PALEMBANG — Kepala Kejari Palembang, M Ali Akbar, mengungkapkan bahwa dana yang sudah masuk ke kas negara melalui Kementerian Keuangan itu berasal dari perkara-perkara yang ditangani di wilayah Kota Palembang. Ia menyebut capaian ini bukan prestasi yang patut dibanggakan secara berlebihan.
"Target kita untuk pemulihan uang negara tahun 2026 ini sebesar Rp6 miliar, namun sejak awal Januari 2026 hingga saat ini, sudah Rp30 miliar," kata Ali Akbar di Palembang, Sabtu.
Ali Akbar menegaskan bahwa besarnya angka pemulihan justru menjadi alarm bagi semua pihak. Menurutnya, hal itu menandakan masih banyak ditemukan penyelewengan dalam pengelolaan keuangan negara di daerah.
"Sebenarnya semakin banyak pemulihan uang negara, juga bukan merupakan sesuatu yang baik, karena berarti banyak temuan penyelewengan," ujarnya.
Ia mengimbau seluruh instansi dan pihak terkait di Palembang untuk menjalankan tugas sesuai aturan tanpa celah penyimpangan. Imbauan ini menyasar aparatur sipil negara hingga mitra kerja pemerintah daerah.
Sebelum pengumuman angka Rp30 miliar, Kejari Palembang juga telah menyerahkan dana pemulihan keuangan daerah secara langsung kepada Pemerintah Kota Palembang. Nilainya mencapai Rp8.927.383.31.

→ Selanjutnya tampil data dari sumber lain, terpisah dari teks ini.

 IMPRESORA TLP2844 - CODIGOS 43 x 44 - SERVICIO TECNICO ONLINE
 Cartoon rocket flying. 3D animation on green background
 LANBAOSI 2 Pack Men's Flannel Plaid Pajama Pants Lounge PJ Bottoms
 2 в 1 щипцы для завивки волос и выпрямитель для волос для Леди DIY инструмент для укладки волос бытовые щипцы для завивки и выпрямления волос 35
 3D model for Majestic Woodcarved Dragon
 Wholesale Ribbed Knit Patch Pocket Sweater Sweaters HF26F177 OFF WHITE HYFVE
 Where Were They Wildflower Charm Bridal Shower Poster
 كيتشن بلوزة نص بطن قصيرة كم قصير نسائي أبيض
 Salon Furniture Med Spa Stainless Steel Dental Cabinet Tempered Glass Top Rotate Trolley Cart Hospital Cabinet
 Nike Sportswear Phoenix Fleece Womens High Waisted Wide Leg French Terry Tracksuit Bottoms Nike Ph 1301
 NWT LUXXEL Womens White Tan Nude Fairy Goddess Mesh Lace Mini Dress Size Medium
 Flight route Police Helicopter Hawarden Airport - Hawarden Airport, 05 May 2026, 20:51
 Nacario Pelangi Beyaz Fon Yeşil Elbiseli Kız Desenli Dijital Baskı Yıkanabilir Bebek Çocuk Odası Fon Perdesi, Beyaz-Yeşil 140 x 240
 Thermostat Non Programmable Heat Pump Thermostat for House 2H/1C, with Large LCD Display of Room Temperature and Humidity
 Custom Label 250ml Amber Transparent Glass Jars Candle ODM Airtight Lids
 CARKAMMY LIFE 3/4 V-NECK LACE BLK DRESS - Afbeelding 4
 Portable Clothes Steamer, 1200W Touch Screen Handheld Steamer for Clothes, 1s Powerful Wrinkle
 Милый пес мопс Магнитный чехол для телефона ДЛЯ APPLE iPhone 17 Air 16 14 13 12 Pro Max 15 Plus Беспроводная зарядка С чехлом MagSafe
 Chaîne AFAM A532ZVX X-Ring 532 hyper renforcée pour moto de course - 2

Penyerahan dilakukan Kepala Kejari Palembang, M Ali Akbar, kepada Wali Kota Palembang, Ratu Dewa, dalam konferensi pers di Palembang, Kamis (4/6). Wali Kota Ratu Dewa menyambut baik langkah tersebut.
Menurut Ratu Dewa, keberhasilan memulihkan uang negara hingga hampir Rp9 miliar ini bukan sekadar simbol kesuksesan penegakan hukum. Ia menyebutnya sebagai cerminan kuatnya komitmen bersama dalam mewujudkan tata kelola pemerintahan yang baik (good governance) serta patuh pada ketentuan perundang-undangan.
Wali Kota memberikan apresiasi tinggi kepada jajaran Kejari Palembang atas kinerja optimal yang telah ditunjukkan selama ini.